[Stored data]
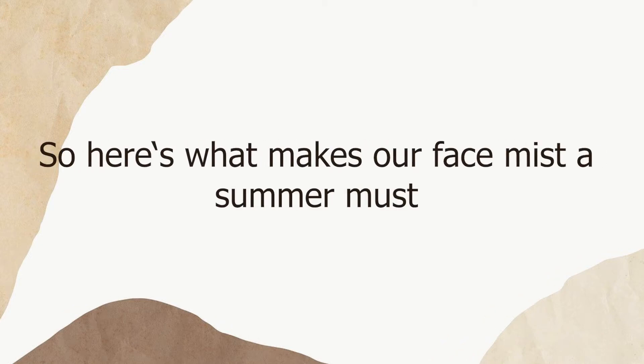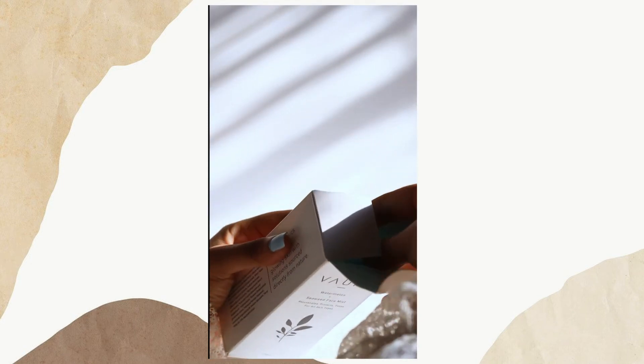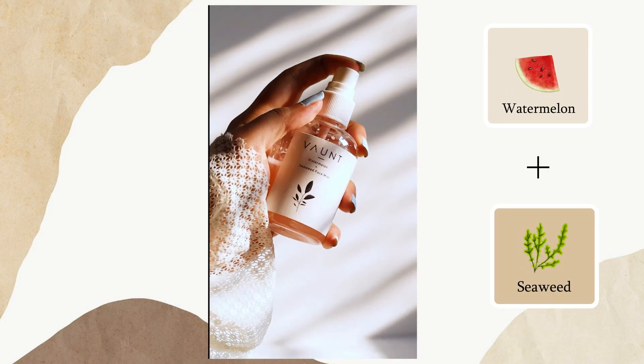Here's what makes our face mist a summer must-have. We carefully formulated this product to really soothe and refresh your skin. It contains ingredients such as watermelon and seaweed extract that really help hydrate and rejuvenate your skin.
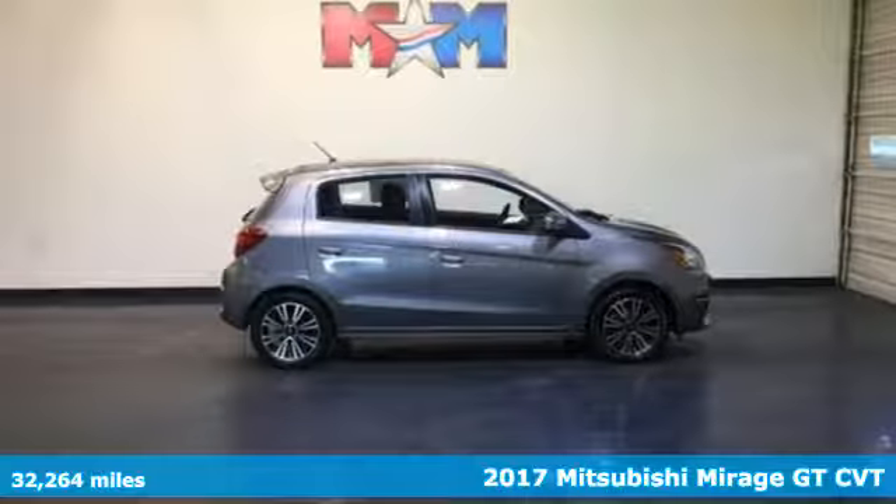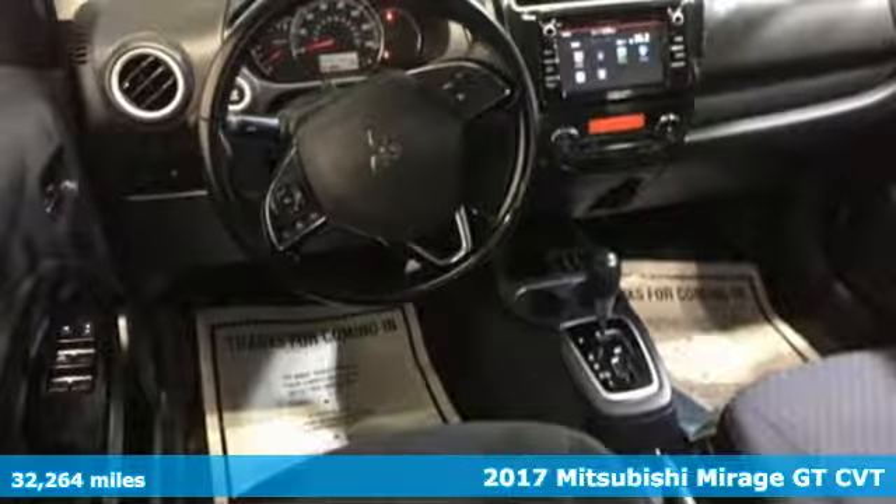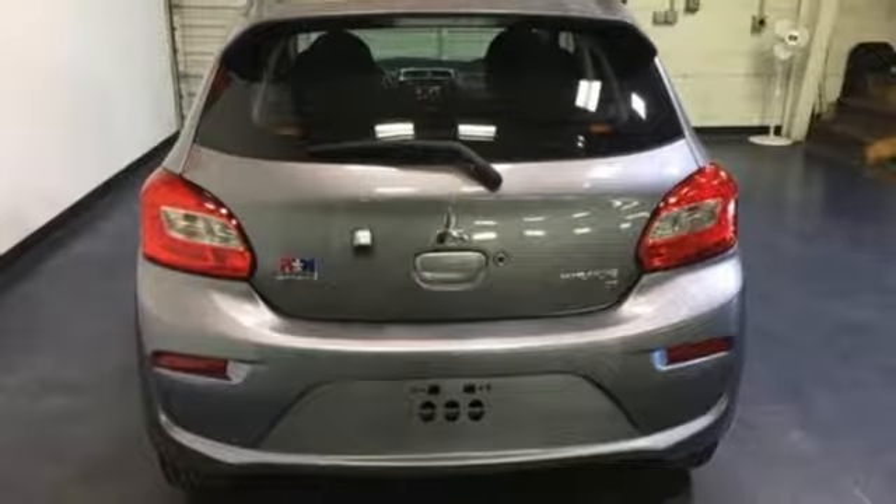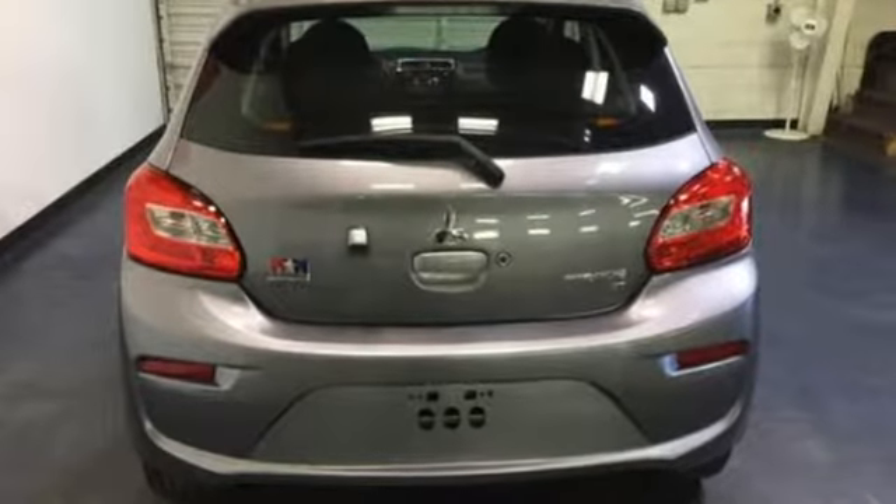It's a 2017 Mitsubishi Mirage. With a budget-friendly price tag and fuel economy, this Mirage fits into your life rather than dictates it. Its size is perfect for cruising through the city while still saving room for your friends.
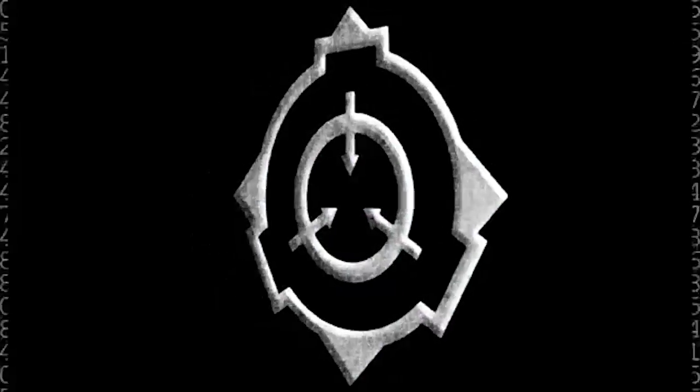Hello there and welcome back to another installment of SCP Readings with your reader here, Gmodon. Today we're looking at SCP-753.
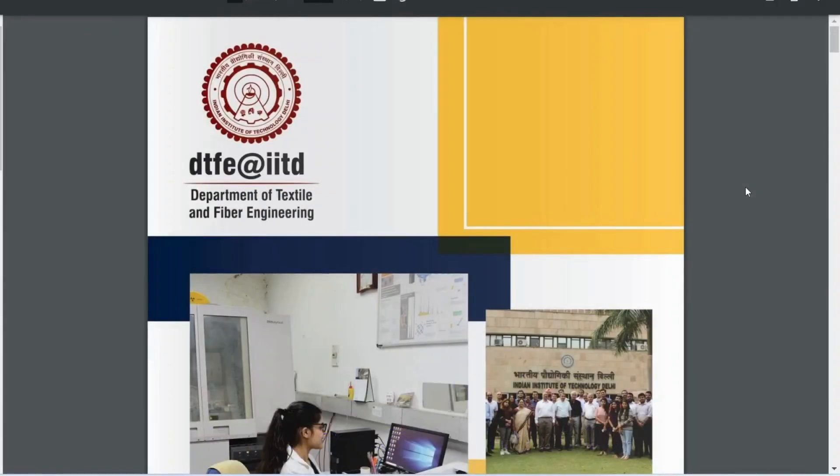Hello everyone. In this video we will be discussing the different types of branches in textiles and which are the different colleges in textiles in India. The best college for textiles is IIT Delhi.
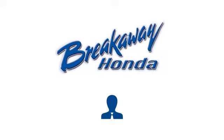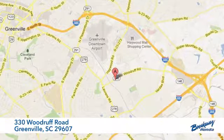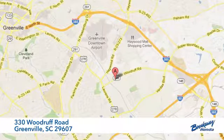Call, click, or stop in today. We're conveniently located at 330 Woodruff Road in Greenville, South Carolina.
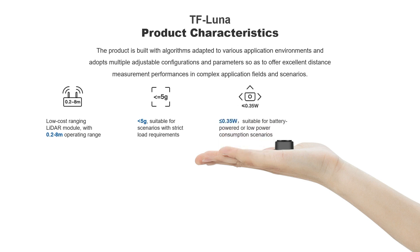Its power consumption is about 0.35 watts. Because of its low power and energy efficient design, it can be adapted to battery powered or any low power consumption scenarios. Its small size also makes it easy to install and integrate.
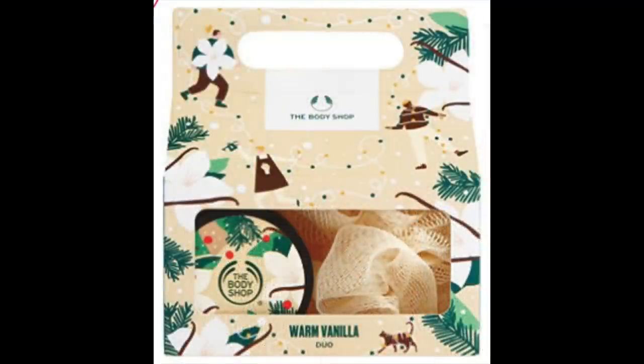This little gift set from The Body Shop is their Warm Vanilla Duo, though there are actually three products in the package. Truly, who doesn't love vanilla? I love vanilla candles, vanilla lip balm, vanilla body butter — I love everything vanilla. This gift comes in at only $9 and includes the warm vanilla body scrub, the warm vanilla body butter, and a bath poof. You can buff your skin down to smooth freshness and then slather that body butter all over it. I think I want every single one of these for myself.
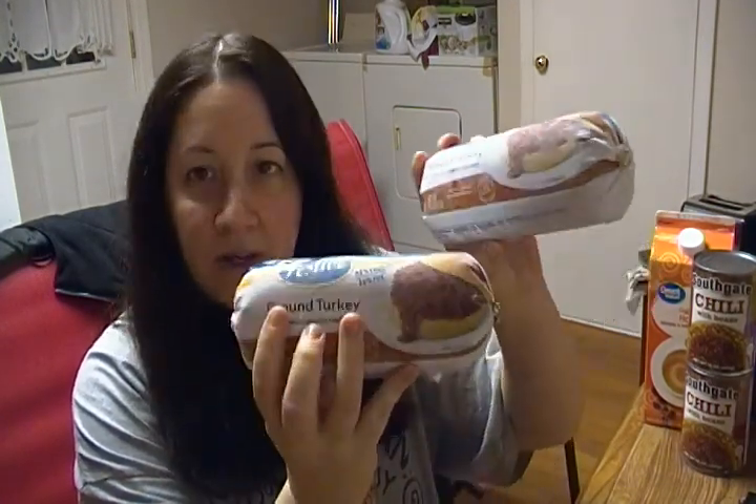Two pounds of ground turkey. I don't really like ground turkey — I prefer ground beef — but it's cheaper.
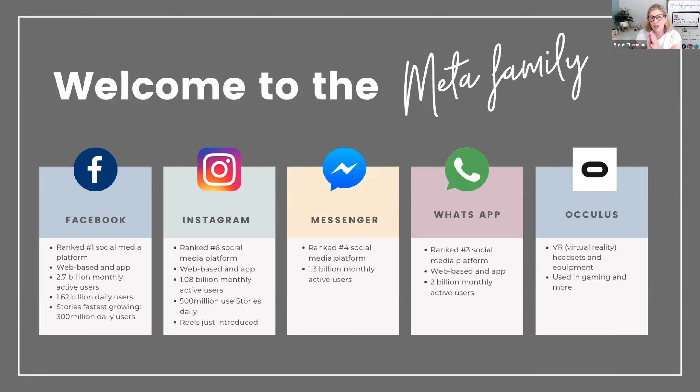Instagram was acquired back in 2012 and runs quite separately, with new features added all the time. Messenger is considered a separate social media platform run like a separate company within Meta — most of us think it's part of Facebook, but when you click on it, it actually opens its own app. WhatsApp was acquired several years ago to give Meta dominance in the messaging space. You'll have noticed on both Facebook and Instagram they're encouraging you to connect your WhatsApp, which means people can message you through that platform as well as Messenger, your mobile, and email.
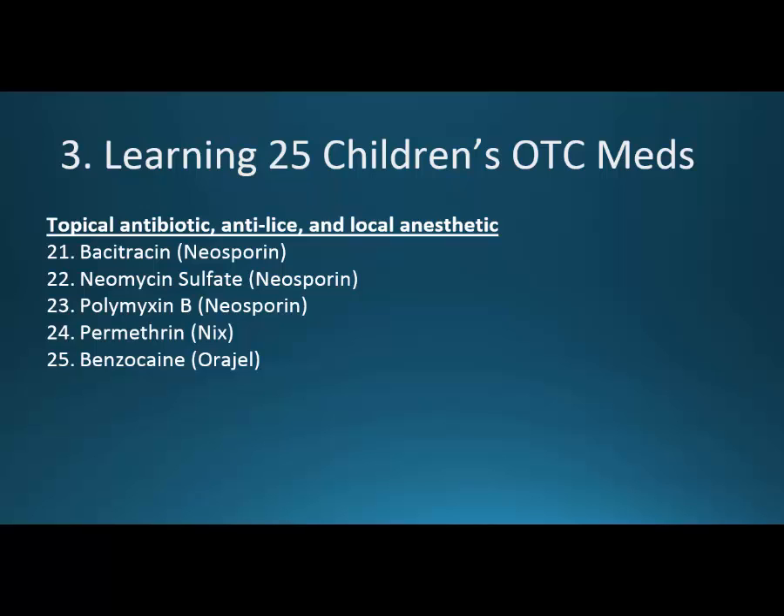And then some more miscellaneous medications. The topical antibiotic neosporin has three parts: bacitracin, neomycin, and polymyxin B. Then the antiparasitic permethrin — we'll talk a bit about that. And then the local anesthetic benzocaine. The goal is to give you a good idea of these 25 medications so that instead of only knowing ibuprofen and Tylenol, you know all 25 and have a lot more confidence going into the aisle and talking to the pharmacist to make sure what you're getting is most appropriate for your child.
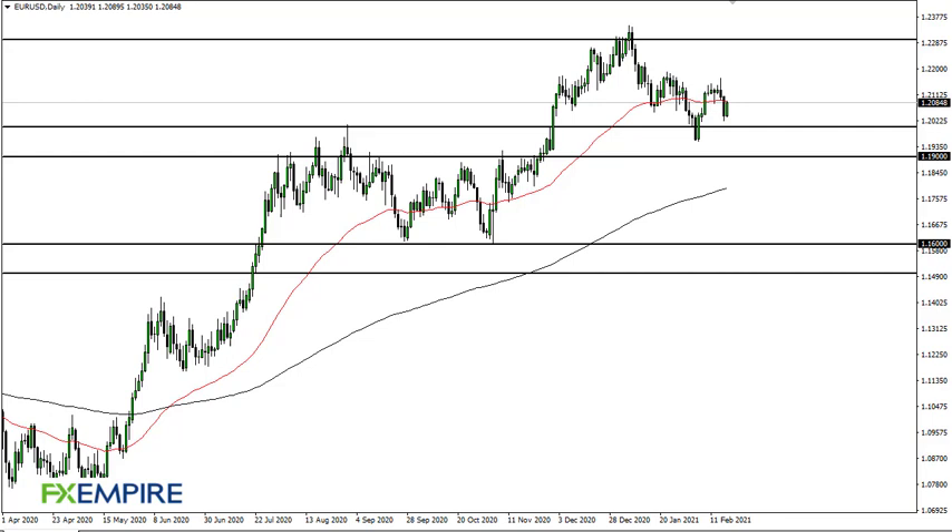From FX Empire, this is Chris taking a look at the euro dollar. You can see that we continue to be very noisy in general, sitting just below the 50-day EMA after this rally.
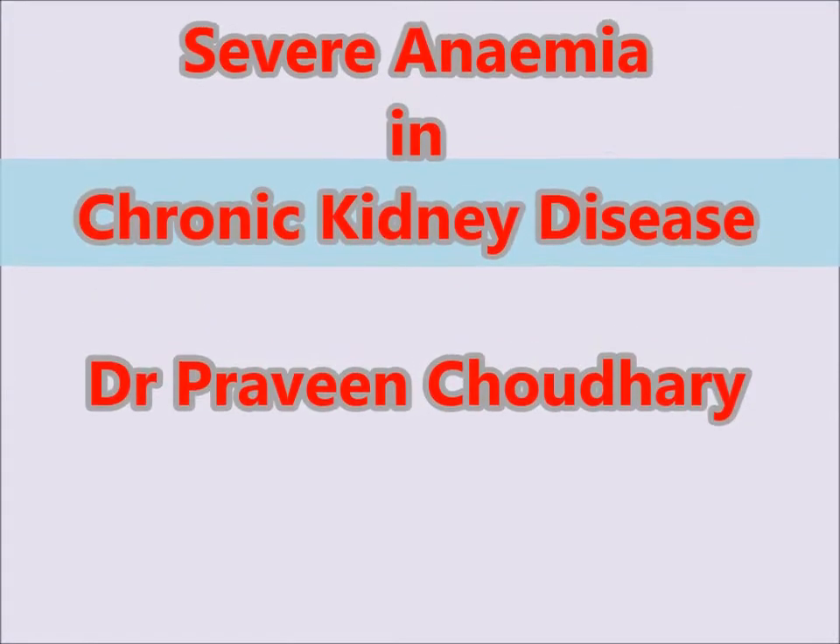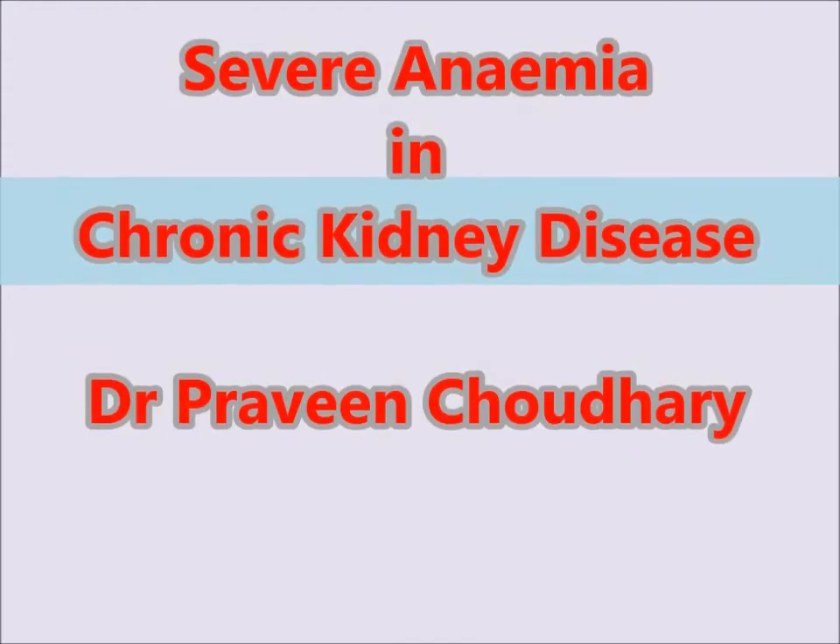Hello friends, I am going to demonstrate a case of severe anemia in chronic renal insufficiency. You can see the pallor on the face of the patient and puffiness around the eyes. The palpebral conjunctiva is just pale. As you know, due to the deficient erythropoietin secretion from the ailing kidney, there is anemia in such cases.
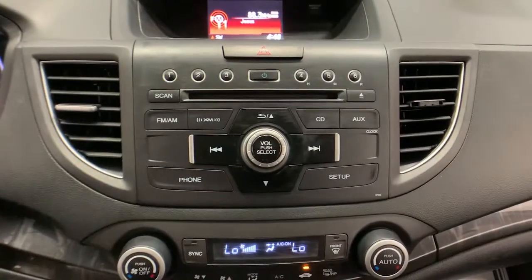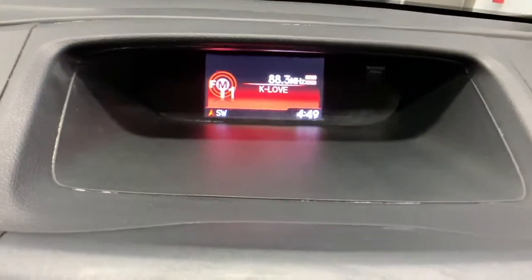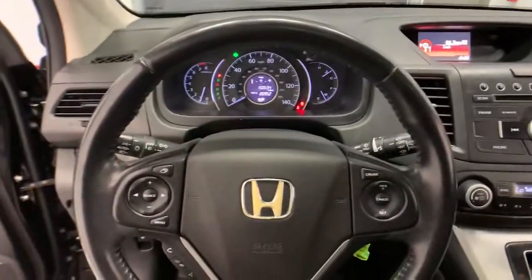Give yourself the upgrade you deserve. Get into the Honda CR-V and drive well. We'll put you behind the wheel today.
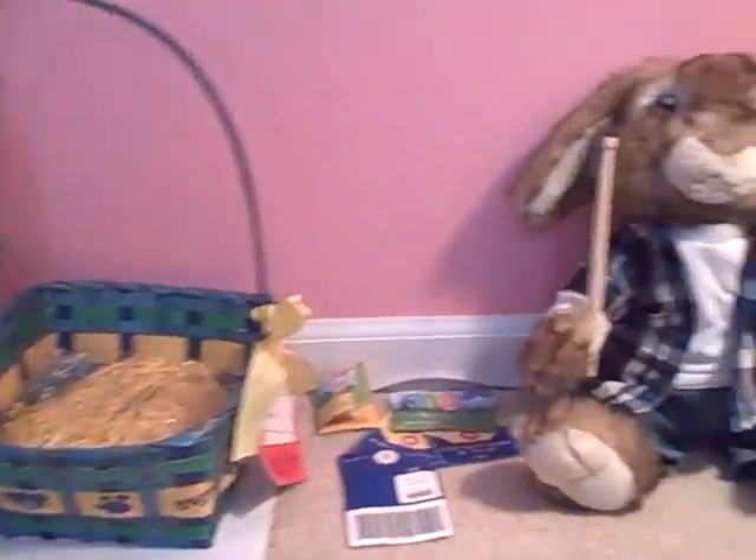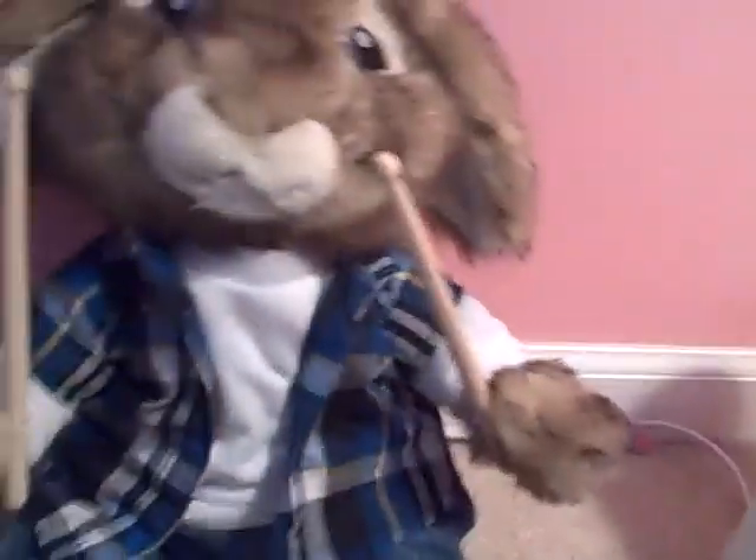Hello everybody, it's me, Agis and Nate, and I'm going to show you what I got yesterday. So I went to Build-A-Bear and I got E.B. the bunny.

> **What you have to do**:
Among the lines above, the one with "Hello everyone. In" opens the part to repeat and the one with "Its power consumption" closes it; repeat only that part exactly, with no pictures.

> **Answer box**:
Hello everyone. In this video we will be discussing the different types of branches in textiles and which are the different colleges in textiles in India. The best college for textiles is IIT Delhi.
Call, click, or stop in today. We're conveniently located at 330 Woodruff Road in Greenville, South Carolina.
Its power consumption is about 0.35 watts. Because of its low power and energy efficient design, it can be adapted to battery powered or any low power consumption scenarios. Its small size also makes it easy to install and integrate.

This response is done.